# What the task asks:
Omit the pictures. Print each entry below exactly.
_ _ _ _ _ _ _
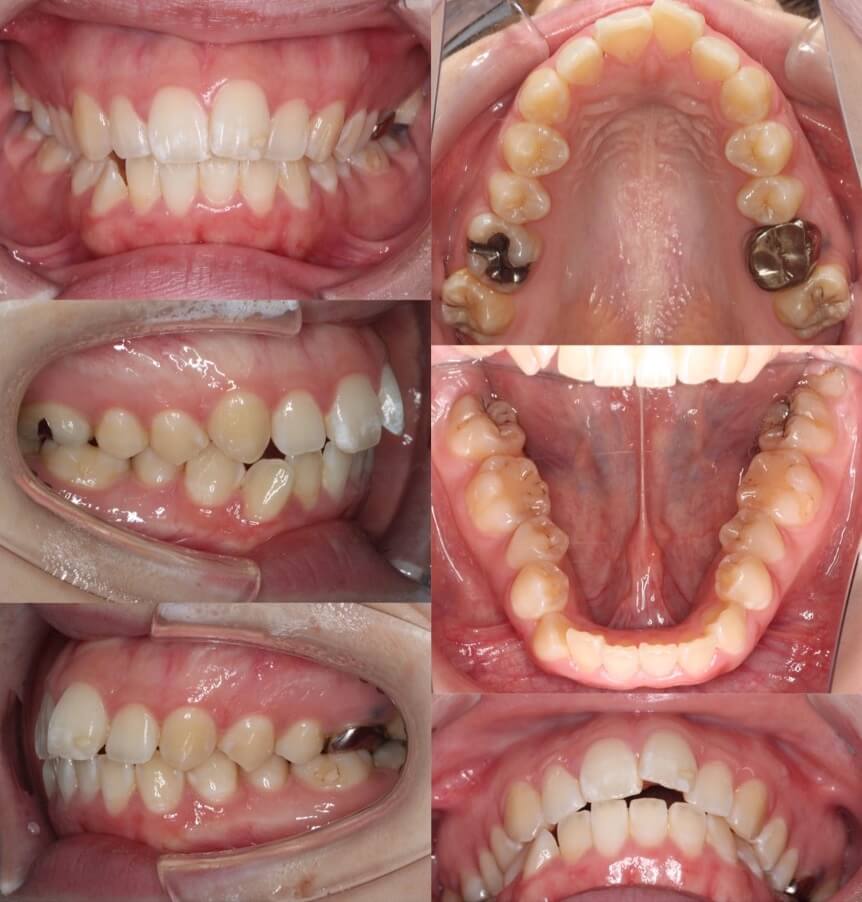 上下顎前突【口ゴボ】矯正治療症例写真集-ビフォー歯並び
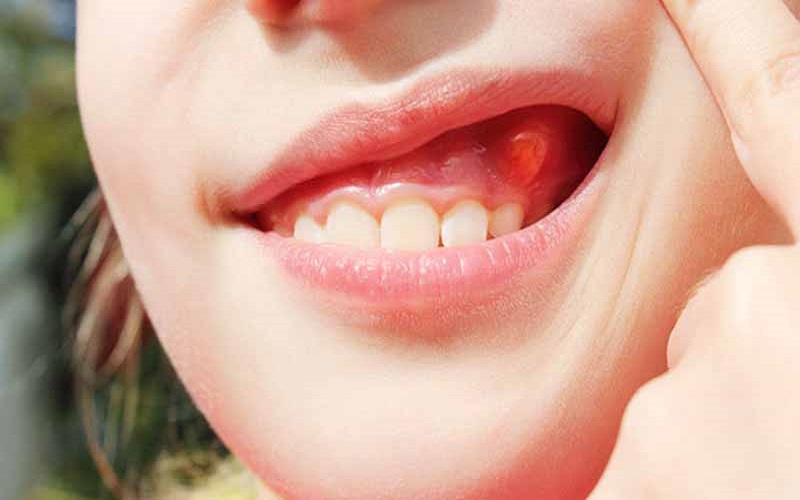 Sưng nướu răng có mủ: Nguyên nhân và cách điều trị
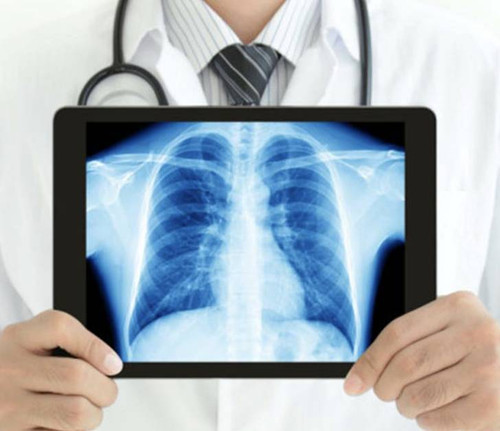 Get Advanced X-ray Services in Rwanda at Frontier Diagnostic Centre.jpg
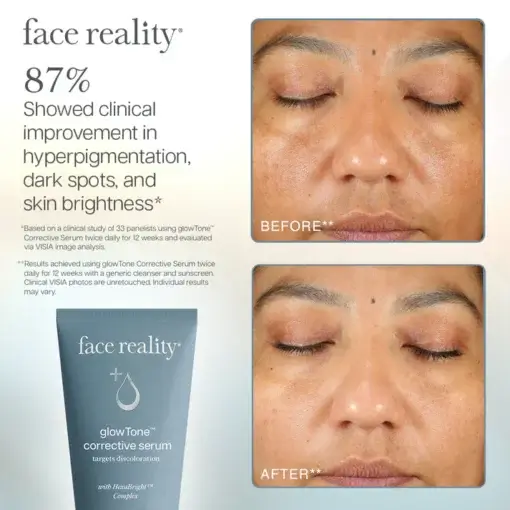 GLOWTONE™ CORRECTIVE SERUM - Face Reality - Image 4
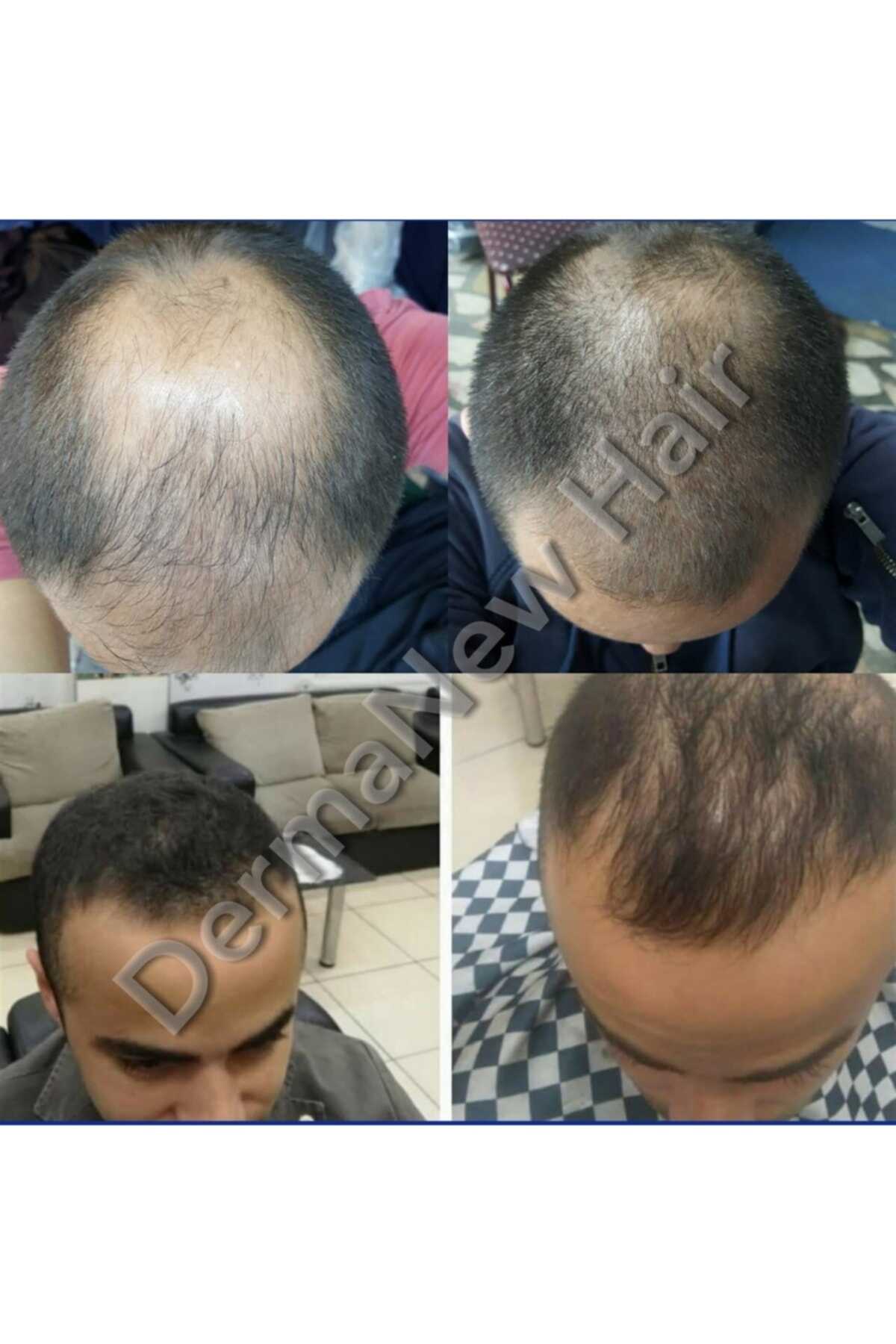 سرم تقویت کننده مو - رفع طاسی سر مردانه 50 میل همراه قطره چکان هدیه برند dermanew hair
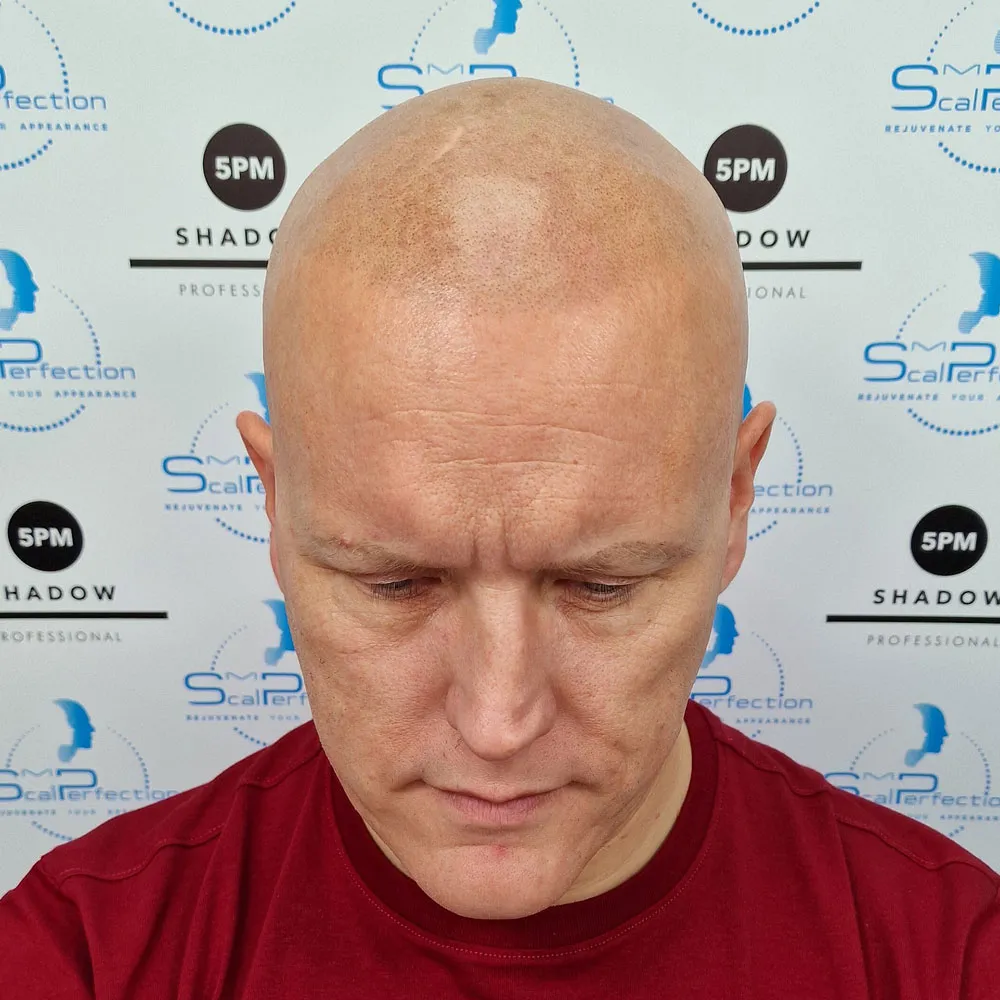 alopecia-2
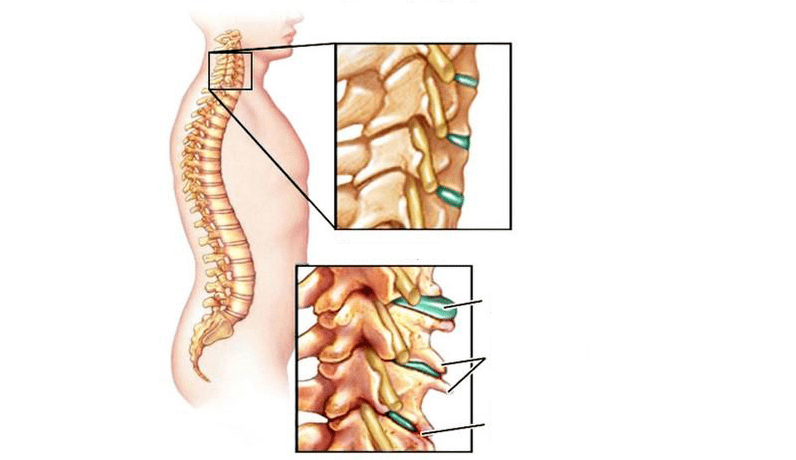 Osteokondroosi sündroomid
_ _ _ _ _ _ _
# Solution for this exercise:
 上下顎前突【口ゴボ】矯正治療症例写真集-ビフォー歯並び
 Sưng nướu răng có mủ: Nguyên nhân và cách điều trị
 Get Advanced X-ray Services in Rwanda at Frontier Diagnostic Centre.jpg
 GLOWTONE™ CORRECTIVE SERUM - Face Reality - Image 4
 سرم تقویت کننده مو - رفع طاسی سر مردانه 50 میل همراه قطره چکان هدیه برند dermanew hair
 alopecia-2
 Osteokondroosi sündroomid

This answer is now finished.